Work order:
Once the pictures are set aside, repeat all of the data below exactly.

Information shown:
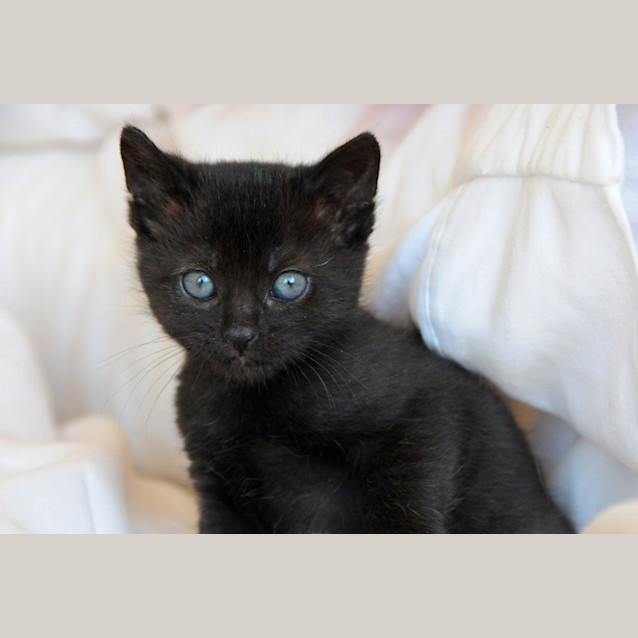 Photo of Boo 😻  Our Animated Uncoordinated Kitten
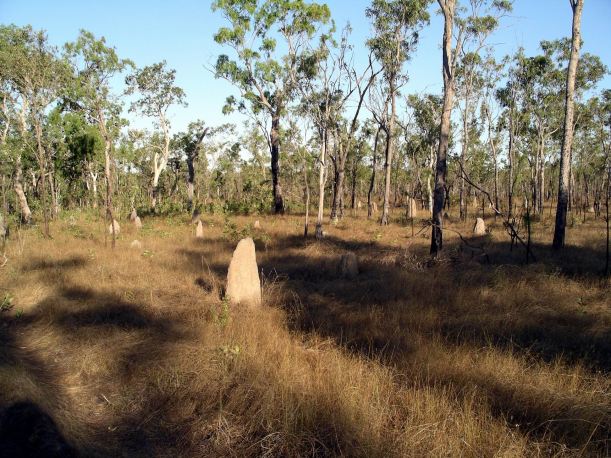 Resize of 08-16-2005 06 Ant City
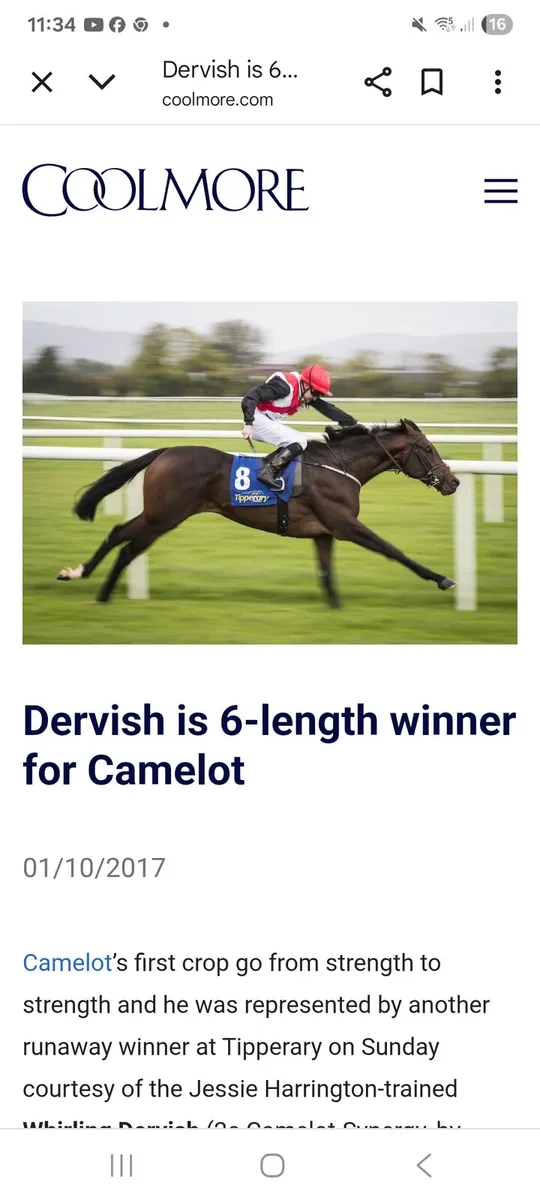 Beautiful horse Son of 2012 Epsom Derby Winner - Image 1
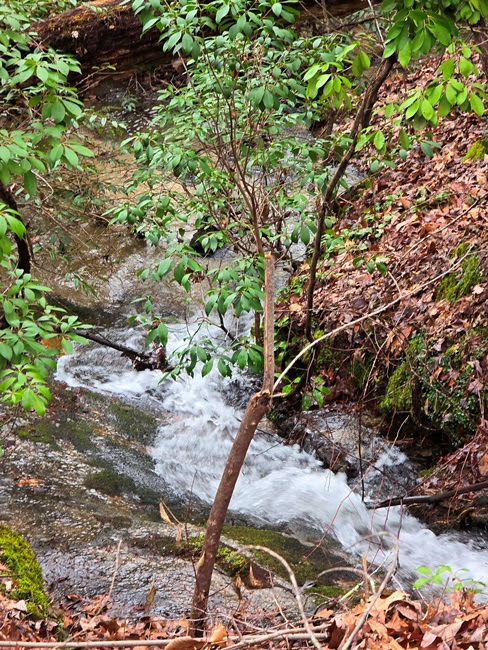 A small stream flowing through a forest with green leaves and brown fallen foliage.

Result below:
 Photo of Boo 😻  Our Animated Uncoordinated Kitten
 Resize of 08-16-2005 06 Ant City
 Beautiful horse Son of 2012 Epsom Derby Winner - Image 1
 A small stream flowing through a forest with green leaves and brown fallen foliage.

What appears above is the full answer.